- Task -
Output all of the entries beneath, exactly as written.

- Records shown -

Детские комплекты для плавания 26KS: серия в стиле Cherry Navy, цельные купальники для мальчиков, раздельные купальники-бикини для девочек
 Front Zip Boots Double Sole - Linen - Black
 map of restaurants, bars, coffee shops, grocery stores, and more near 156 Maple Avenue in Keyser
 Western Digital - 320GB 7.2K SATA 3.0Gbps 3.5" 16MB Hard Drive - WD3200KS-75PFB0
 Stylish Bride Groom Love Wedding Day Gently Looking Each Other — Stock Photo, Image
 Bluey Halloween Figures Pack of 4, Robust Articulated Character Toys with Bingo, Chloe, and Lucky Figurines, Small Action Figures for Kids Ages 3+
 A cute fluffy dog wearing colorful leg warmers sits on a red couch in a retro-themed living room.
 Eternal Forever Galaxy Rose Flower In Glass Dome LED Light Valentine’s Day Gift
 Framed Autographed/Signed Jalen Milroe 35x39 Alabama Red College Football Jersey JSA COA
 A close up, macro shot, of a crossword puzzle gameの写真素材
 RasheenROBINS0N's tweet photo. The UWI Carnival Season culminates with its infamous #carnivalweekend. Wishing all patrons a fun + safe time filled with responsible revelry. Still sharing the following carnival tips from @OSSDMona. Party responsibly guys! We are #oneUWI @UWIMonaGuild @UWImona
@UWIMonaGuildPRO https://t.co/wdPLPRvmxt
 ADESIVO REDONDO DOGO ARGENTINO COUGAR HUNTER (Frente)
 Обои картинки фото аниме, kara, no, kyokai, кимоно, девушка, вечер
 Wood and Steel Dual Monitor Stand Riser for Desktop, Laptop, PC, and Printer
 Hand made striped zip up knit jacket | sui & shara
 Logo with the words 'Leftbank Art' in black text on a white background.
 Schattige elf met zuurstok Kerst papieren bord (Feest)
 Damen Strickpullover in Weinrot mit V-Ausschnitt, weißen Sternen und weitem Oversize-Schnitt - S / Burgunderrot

- Output of the exercise -
Детские комплекты для плавания 26KS: серия в стиле Cherry Navy, цельные купальники для мальчиков, раздельные купальники-бикини для девочек
 Front Zip Boots Double Sole - Linen - Black
 map of restaurants, bars, coffee shops, grocery stores, and more near 156 Maple Avenue in Keyser
 Western Digital - 320GB 7.2K SATA 3.0Gbps 3.5" 16MB Hard Drive - WD3200KS-75PFB0
 Stylish Bride Groom Love Wedding Day Gently Looking Each Other — Stock Photo, Image
 Bluey Halloween Figures Pack of 4, Robust Articulated Character Toys with Bingo, Chloe, and Lucky Figurines, Small Action Figures for Kids Ages 3+
 A cute fluffy dog wearing colorful leg warmers sits on a red couch in a retro-themed living room.
 Eternal Forever Galaxy Rose Flower In Glass Dome LED Light Valentine’s Day Gift
 Framed Autographed/Signed Jalen Milroe 35x39 Alabama Red College Football Jersey JSA COA
 A close up, macro shot, of a crossword puzzle gameの写真素材
 RasheenROBINS0N's tweet photo. The UWI Carnival Season culminates with its infamous #carnivalweekend. Wishing all patrons a fun + safe time filled with responsible revelry. Still sharing the following carnival tips from @OSSDMona. Party responsibly guys! We are #oneUWI @UWIMonaGuild @UWImona
@UWIMonaGuildPRO https://t.co/wdPLPRvmxt
 ADESIVO REDONDO DOGO ARGENTINO COUGAR HUNTER (Frente)
 Обои картинки фото аниме, kara, no, kyokai, кимоно, девушка, вечер
 Wood and Steel Dual Monitor Stand Riser for Desktop, Laptop, PC, and Printer
 Hand made striped zip up knit jacket | sui & shara
 Logo with the words 'Leftbank Art' in black text on a white background.
 Schattige elf met zuurstok Kerst papieren bord (Feest)
 Damen Strickpullover in Weinrot mit V-Ausschnitt, weißen Sternen und weitem Oversize-Schnitt - S / Burgunderrot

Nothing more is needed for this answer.